(Exercise inputs begins)

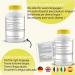 Healthy Origins Depot Vitamin D3 10,000 IU 120 Softgels - Highly Dosed, Lab-Tested, Soy Free, Non-GMO - Buy Online on GoSupps.com
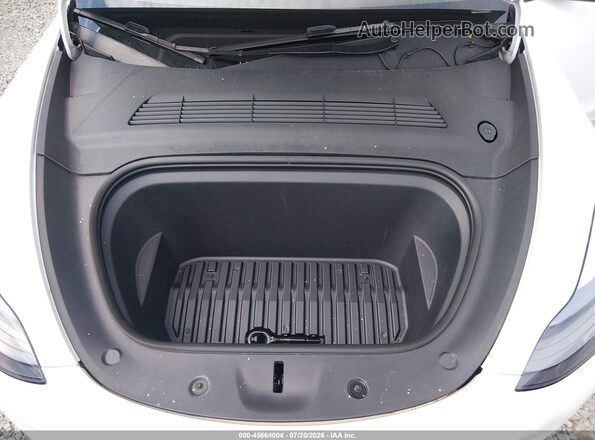 7SAYGDEEXRA219721 2024 TESLA MODEL Y White Vista trasera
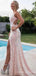 Sparkly Sequin Mermaid Long Evening Prom Dresses, Custom Prom Dress, BGS0125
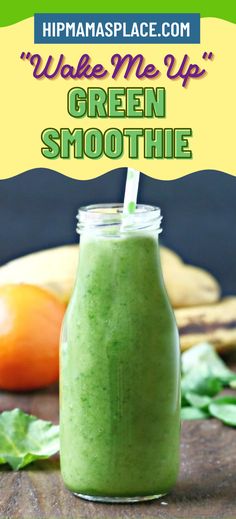 easy green smoothie recipe Delicious Green Smoothie, Yummy Green Smoothie, Green Smoothie Recipe, Healthy Green Smoothies, Easy Smoothie Recipes, Well Balanced Diet, Easy Smoothies, Smoothie Ingredients, Green Smoothie Recipes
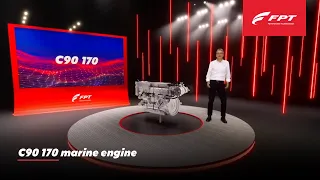 C90 170 marine engine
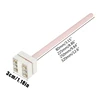 4 Sizes Thermocouple Wrp100 K-Type Rhodiums Thermocouple Temperature Probe for Head 0-1300°C Measuring Dropship 6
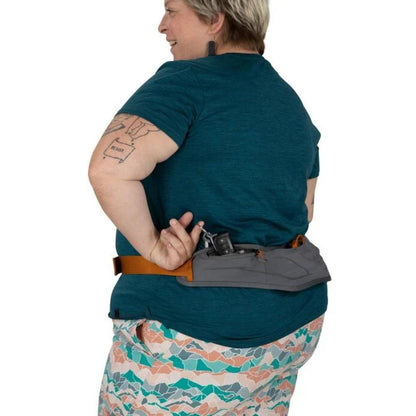 Osprey - Duro Dyna LT Belt Extended Fit - Phantom Grey/Toffee Orange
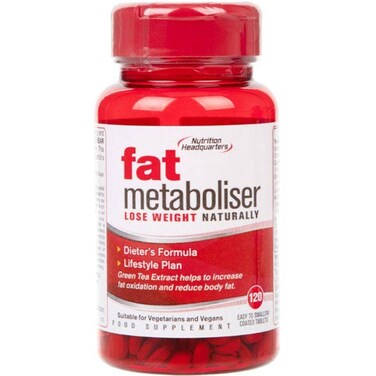 Holland &amp; Barrett Nutritional Headquarters Fat Metaboliser Tablets 120's
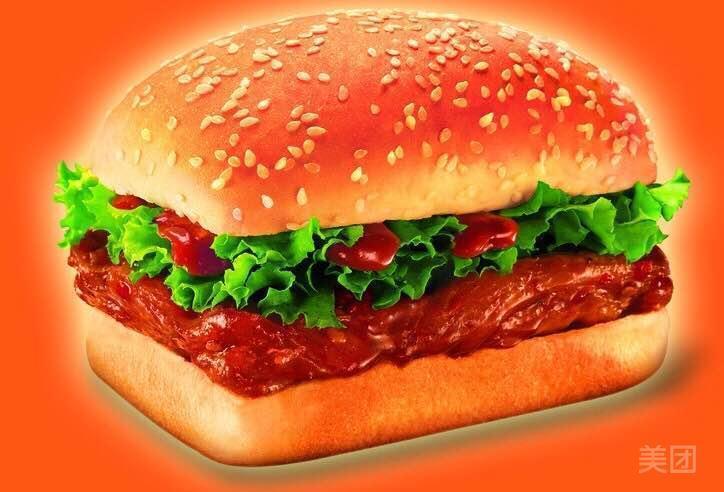 多乐汉堡图片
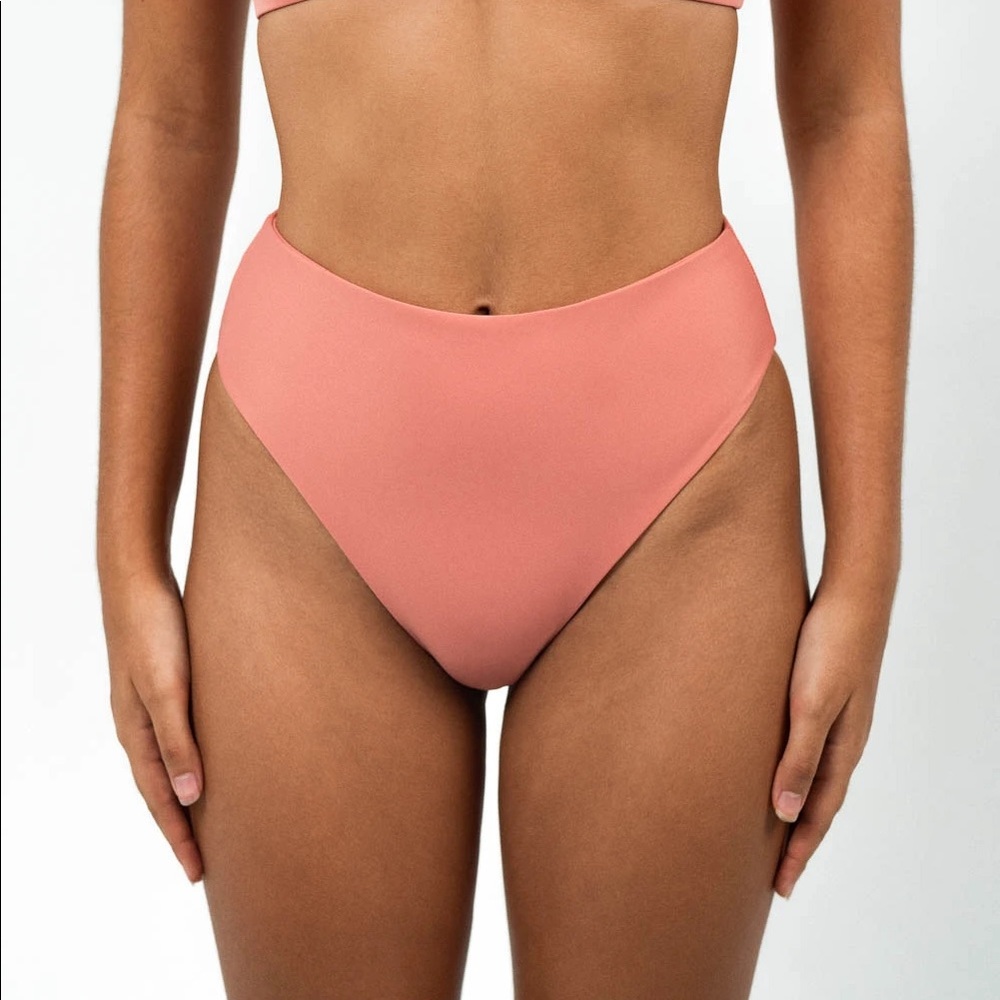 NBA High Waisted Bikini Bottoms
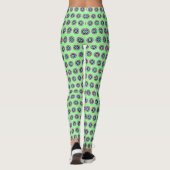 Geometrische Leggings – stijlvolle Activewear (Achterkant)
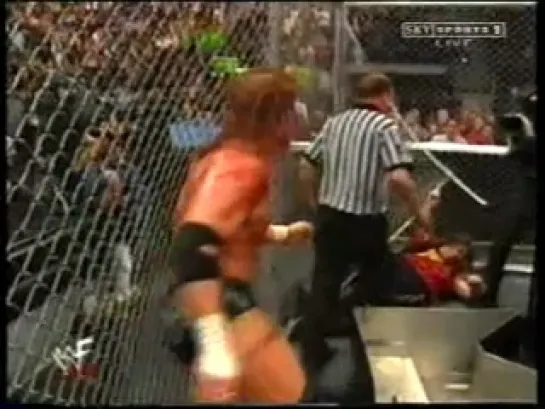 [WM]No Way Out 2000  Triple H vs Cactus Jack(Mick Foley)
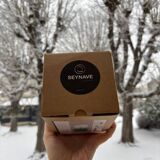 Boppo green bedside lamp 9cm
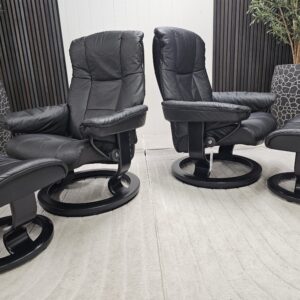 2 stk. Stressless® Mayfair lenestoler m/krakk - Bilde 4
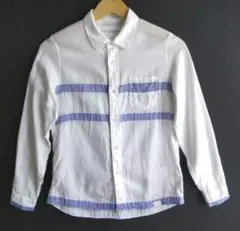 WHITE MOUNTAINEERING リネンブレンドシャツ 日本製　サイズＳ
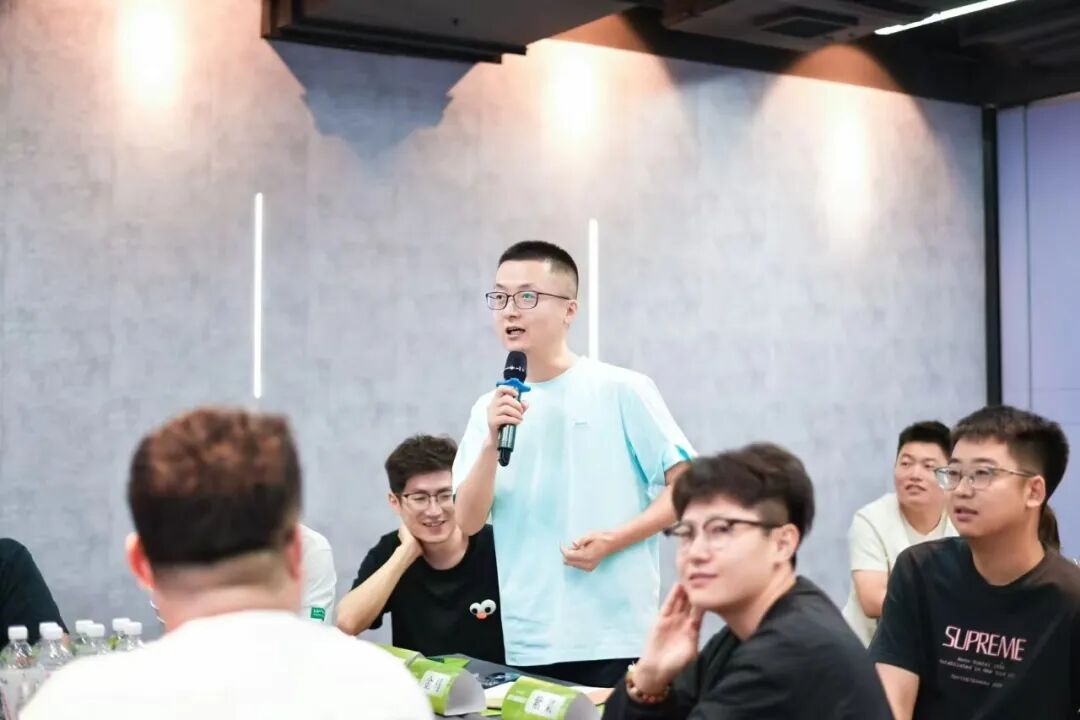2023年7月第一次参加紫菜团队线下培训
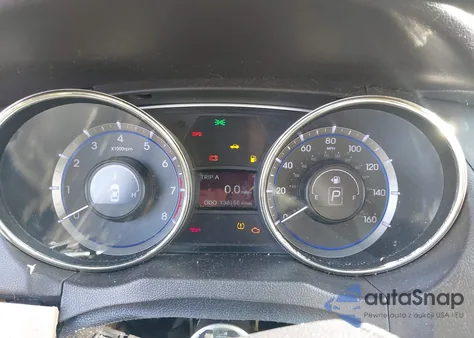 2012 Hyundai Sonata Gls z USA, uszkodzony, nr VIN 5NPEB4AC8CH421567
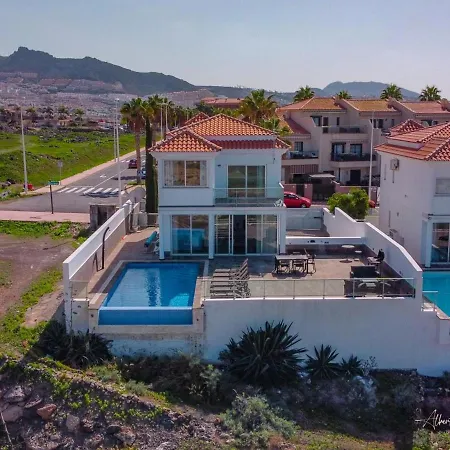 Villa Preciosa Con Vistas Al Mar, Piscina Infinity En Mirador Del Duque Costa Adeje (Tenerife)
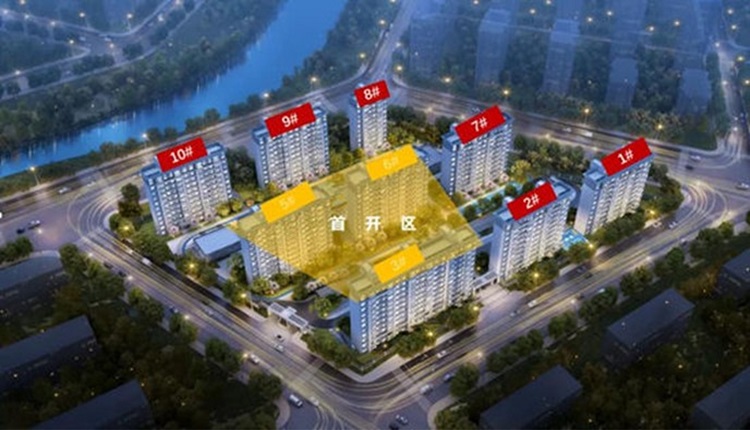 江苏南京的珠江四季悦城建案已停工2年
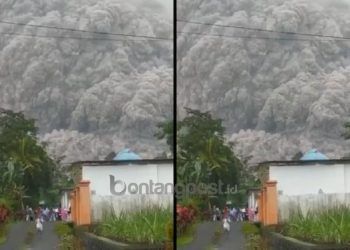 Gunung Semeru Alami Erupsi, Masyarakat Diharapkan Waspada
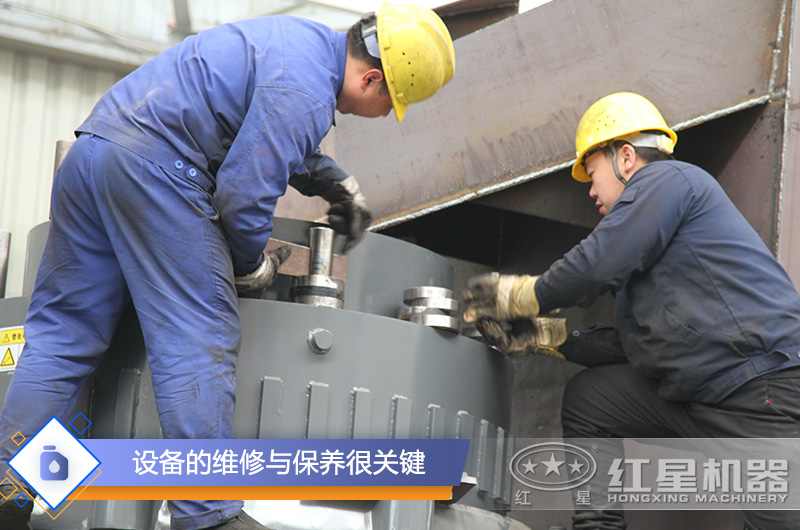 水泥破碎机大块料是什么原因？水泥破碎机械设备哪种型号好？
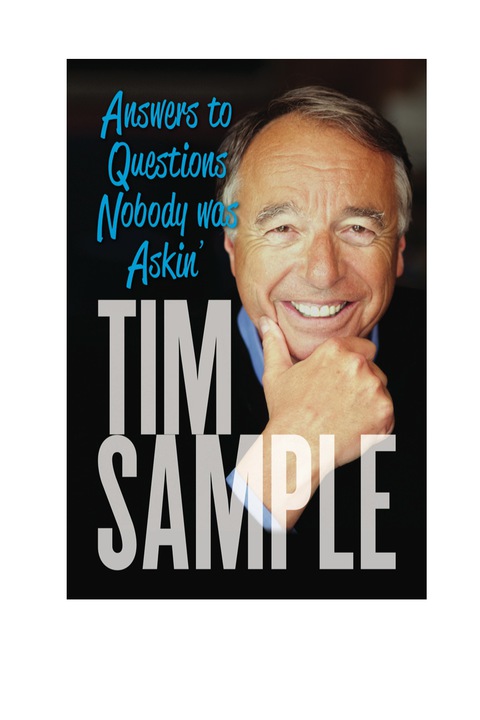 Cover image for book Answers to Questions Nobody Was Askin'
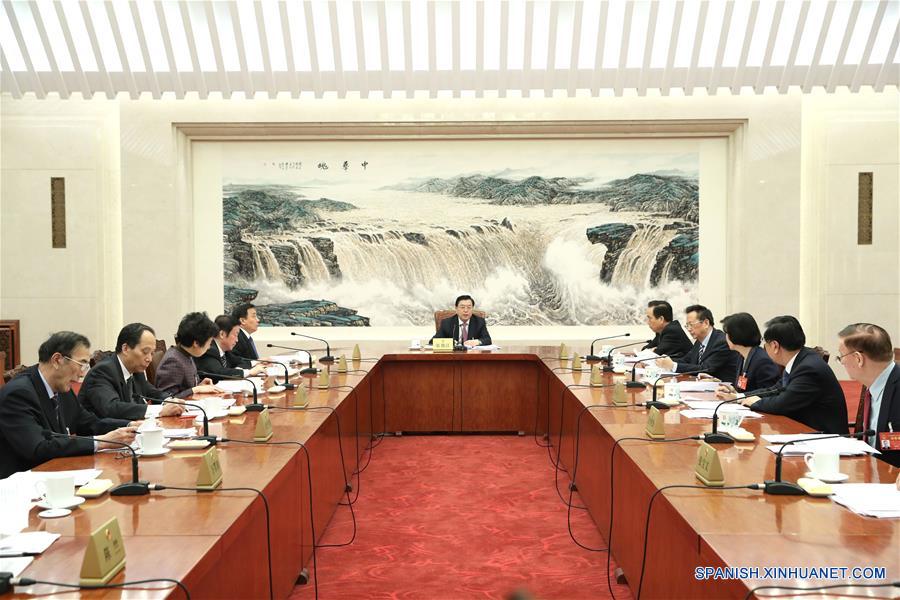 Sesión parlamentaria anual de China votará sobre 11 documentos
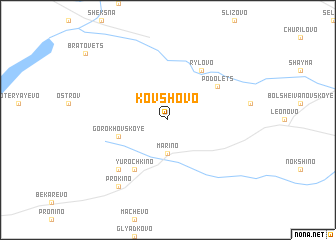 map of Kovshovo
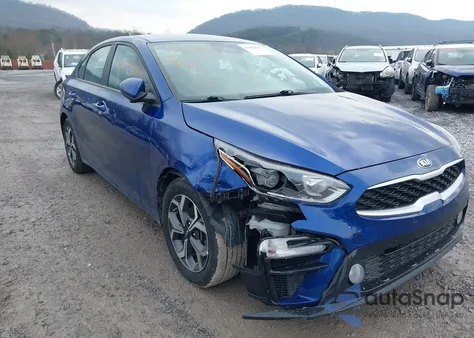 2021 Kia Forte Lxs from USA, damaged, VIN 3KPF24AD1ME333205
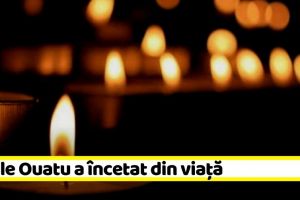 NEAMȚ: Vasile Ouatu a încetat din viaţă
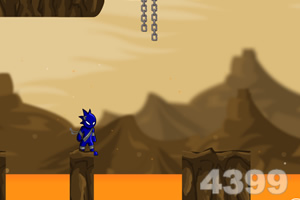 忍者勇闯火山选关版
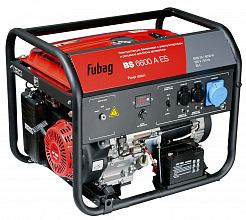 Бензиновый генератор Fubag BS 6600 А ES с АВР — фото 1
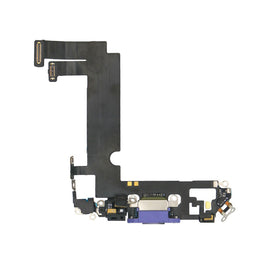 For Apple iPhone 12 Mini System Charging Flex Purple Pulled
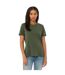 T-shirt Femme Bleu Lavande Bella + Canvas-2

(Exercise inputs ends)

Task directions
Nothing in the records should be changed in the copy, but the pictures must be left out.

Answer box
 Healthy Origins Depot Vitamin D3 10,000 IU 120 Softgels - Highly Dosed, Lab-Tested, Soy Free, Non-GMO - Buy Online on GoSupps.com
 7SAYGDEEXRA219721 2024 TESLA MODEL Y White Vista trasera
 Sparkly Sequin Mermaid Long Evening Prom Dresses, Custom Prom Dress, BGS0125
 easy green smoothie recipe Delicious Green Smoothie, Yummy Green Smoothie, Green Smoothie Recipe, Healthy Green Smoothies, Easy Smoothie Recipes, Well Balanced Diet, Easy Smoothies, Smoothie Ingredients, Green Smoothie Recipes
 C90 170 marine engine
 4 Sizes Thermocouple Wrp100 K-Type Rhodiums Thermocouple Temperature Probe for Head 0-1300°C Measuring Dropship 6
 Osprey - Duro Dyna LT Belt Extended Fit - Phantom Grey/Toffee Orange
 Holland &amp; Barrett Nutritional Headquarters Fat Metaboliser Tablets 120's
 多乐汉堡图片
 NBA High Waisted Bikini Bottoms
 Geometrische Leggings – stijlvolle Activewear (Achterkant)
 [WM]No Way Out 2000  Triple H vs Cactus Jack(Mick Foley)
 Boppo green bedside lamp 9cm
 2 stk. Stressless® Mayfair lenestoler m/krakk - Bilde 4
 WHITE MOUNTAINEERING リネンブレンドシャツ 日本製　サイズＳ
2023年7月第一次参加紫菜团队线下培训
 2012 Hyundai Sonata Gls z USA, uszkodzony, nr VIN 5NPEB4AC8CH421567
 Villa Preciosa Con Vistas Al Mar, Piscina Infinity En Mirador Del Duque Costa Adeje (Tenerife)
 江苏南京的珠江四季悦城建案已停工2年
 Gunung Semeru Alami Erupsi, Masyarakat Diharapkan Waspada
 水泥破碎机大块料是什么原因？水泥破碎机械设备哪种型号好？
 Cover image for book Answers to Questions Nobody Was Askin'
 Sesión parlamentaria anual de China votará sobre 11 documentos
 map of Kovshovo
 2021 Kia Forte Lxs from USA, damaged, VIN 3KPF24AD1ME333205
 NEAMȚ: Vasile Ouatu a încetat din viaţă
 忍者勇闯火山选关版
 Бензиновый генератор Fubag BS 6600 А ES с АВР — фото 1
 For Apple iPhone 12 Mini System Charging Flex Purple Pulled
 T-shirt Femme Bleu Lavande Bella + Canvas-2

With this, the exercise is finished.